The central bank has also cut its benchmark interest rates to a record low of 0.75 percent in the hope of kick-starting lending. Yet many economists question how much stimulus this provides as the rates are already very low — and no one wants to borrow anyway.

There has been speculation the ECB could eventually have to follow the Bank of England and the U.S. Federal Reserve and embark on a program of ‘‘quantitative easing’’ — buying up financial assets across the Eurozone to increase the supply of money.
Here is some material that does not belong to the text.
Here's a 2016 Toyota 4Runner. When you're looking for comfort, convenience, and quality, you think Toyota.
That could assist governments by driving down borrowing costs as well.

But so-called QE is fraught with potential legal trouble for the ECB — a European treaty forbids it from helping governments borrow.

In the case of Greece, the country is dependent on foreign bailout loans to pay its bills. A cutoff of aid over its inability to meet the loan conditions would leave it without any source of financing — and could push it to exit the euro so it can print its own money to cover its debts. Really?
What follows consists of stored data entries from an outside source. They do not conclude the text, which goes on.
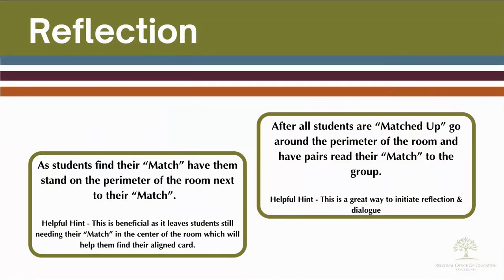This is a great way to initiate reflection and dialogue. If the group feels the match is not aligned, you can dive into their reasoning to find a better match.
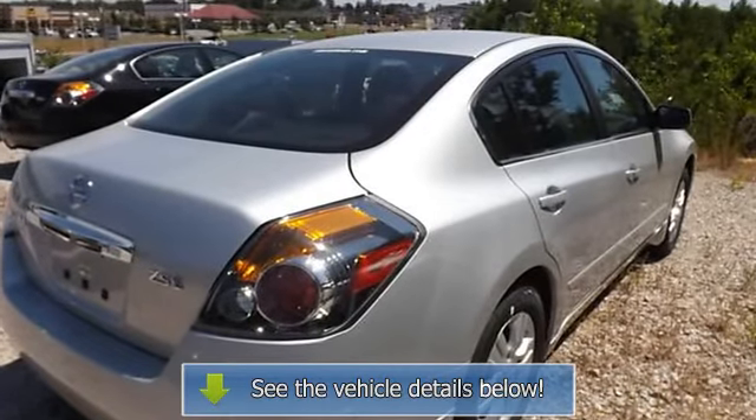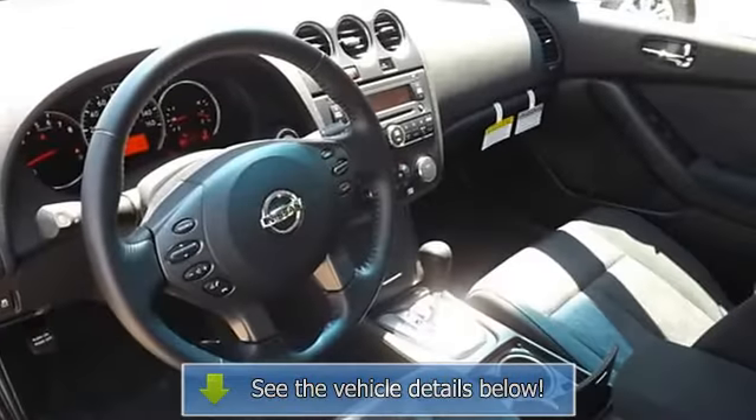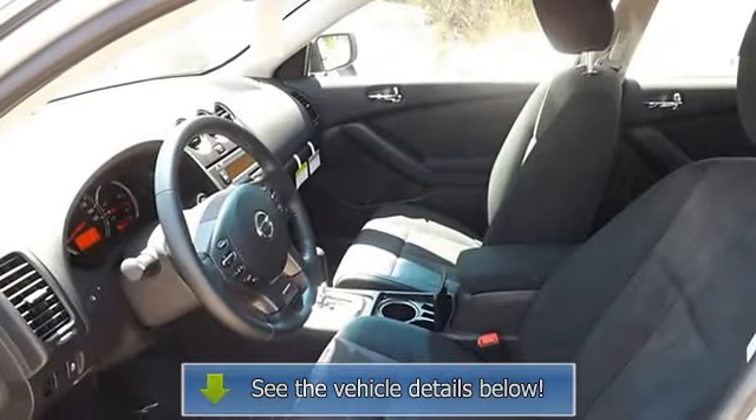Cloth seats, bucket seats, power windows, power door locks, power mirrors, driver's side airbag, trip odometer, analog gauges, intermittent wipers, tilt steering wheel.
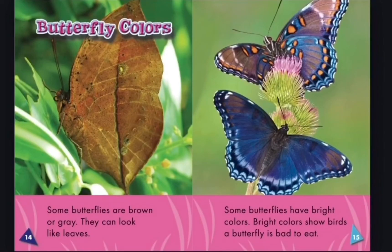Some butterflies are brown or gray and can look like leaves. Some butterflies have bright colors. Bright colors show birds that a butterfly is bad to eat.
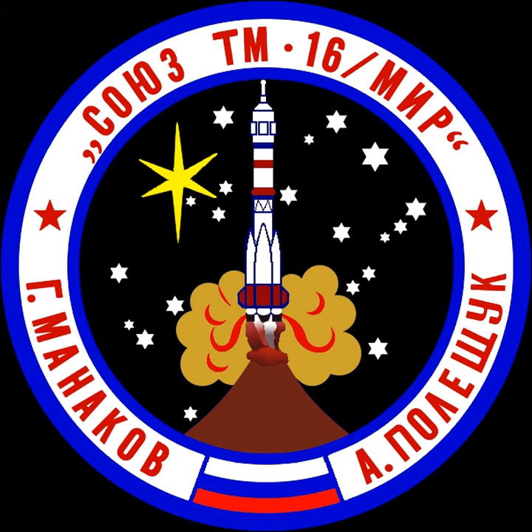The Soyuz-TM (T meaning transport, M meaning modified) were fourth-generation 1986–2002 Soyuz spacecraft used for ferry flights to the MIR and ISS space stations. It added to the Soyuz-T new docking and rendezvous, radio communications, emergency and integrated parachute, and landing engine systems.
Germany’s economy minister, Phillip Roesler, said the prospect of Greece leaving the euro was now so familiar it had ‘‘lost its horror’’ and that he was skeptical Athens would meet conditions for continuing rescue money.
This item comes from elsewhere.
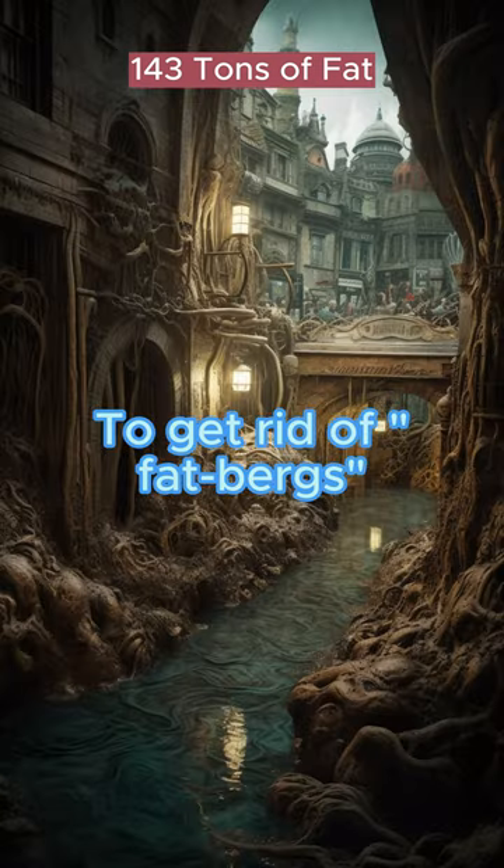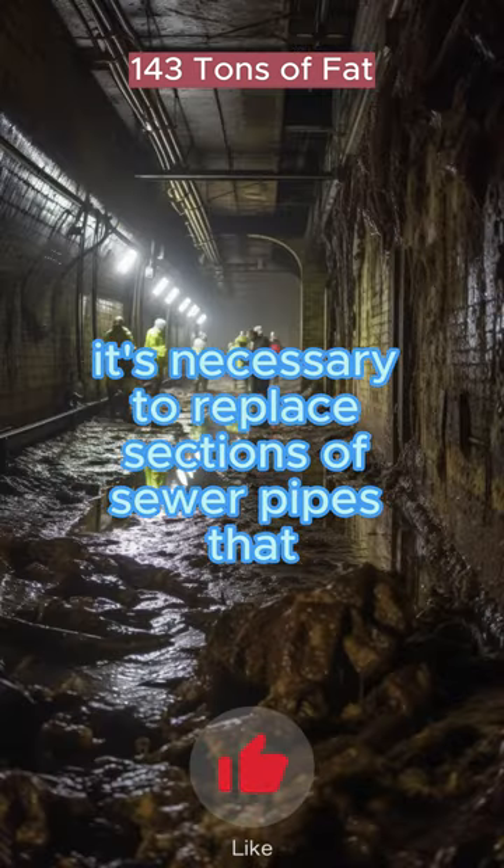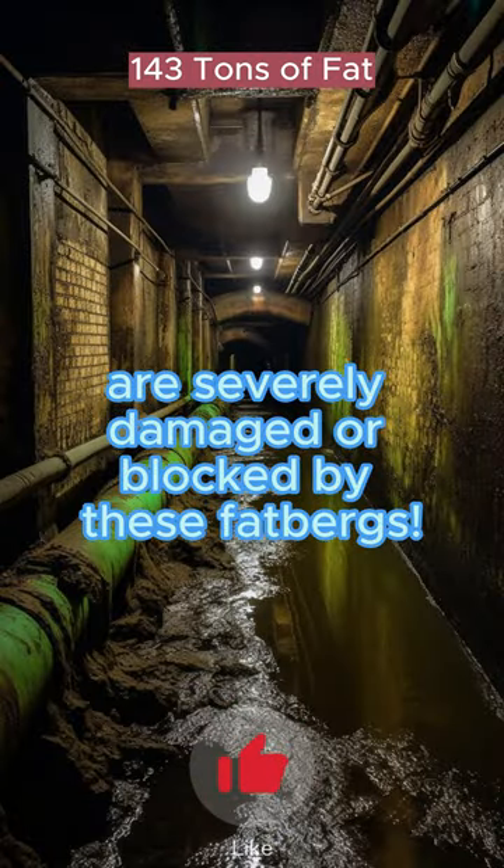To get rid of fatbergs, Thames Water uses manual and mechanical means. But sometimes it's necessary to replace sections of sewer pipes that are severely damaged or blocked by these fatbergs.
The deteriorating situation follows a summit June 28-29 that many hoped would convince markets political leaders were getting a handle on things. The summit agreed on easier access to bailout money and to set up a single banking regulator that could take the burden of bank bailouts off national governments. Yet many of those changes will take months or years to introduce — and there has been no increase in bailout money.

It is an echo of a similar summit in July 2011, when leaders agreed on a second bailout and debt reduction for Greece, only to see borrowing costs spike dramatically as leaders headed off for August vacations.

Stephen Lewis, chief economist at Monument Securites Ltd, said that ‘‘events are following a pattern often repeated in the course of the Eurozone’s troubles, in which the powers-that-be hail progress only to see confidence, almost instantaneously, plumb fresh depths.’’

Must be time for another vacation, I guess.


You Can Run, But You Can’t Hide.

Europe is desperately working to prop up Spain’s wobbling banks, but the European leaders still face a problem that plagues the Continent’s increasingly vulnerable financial institutions; an addiction to borrowed money that provides day-to-day survival financing.


Analysts are now saying that one of France’s biggest banks, Crédit Agricole, could face heavy losses in their lending exposure to Greece.

Italy, whose fragile economy is even bigger than Spain’s and whose banks also rely heavily on borrowed money to get by, is in serious trouble as well. In Spain’s case, the flight of foreign money to safer harbors, combined with a portfolio of real estate loans that has deteriorated along with the economy, led to the collapse of the mortgage lender, Bankia. It was their failure that set off the current contagion.

“I think you are lying.”

Europe claims that this latest bailout — worth up to 100 billion euros that will be distributed to Spain’s weakest banks via the government in the form of loans, adding to their long-term debt — can resolve the problem. I think they are either lying or in denial, or both. Heavy emphasis on the lying part.

Investors and analysts worry that highly indebted banks in other weak countries like Italy might face constraints similar to those of Spain in the months ahead.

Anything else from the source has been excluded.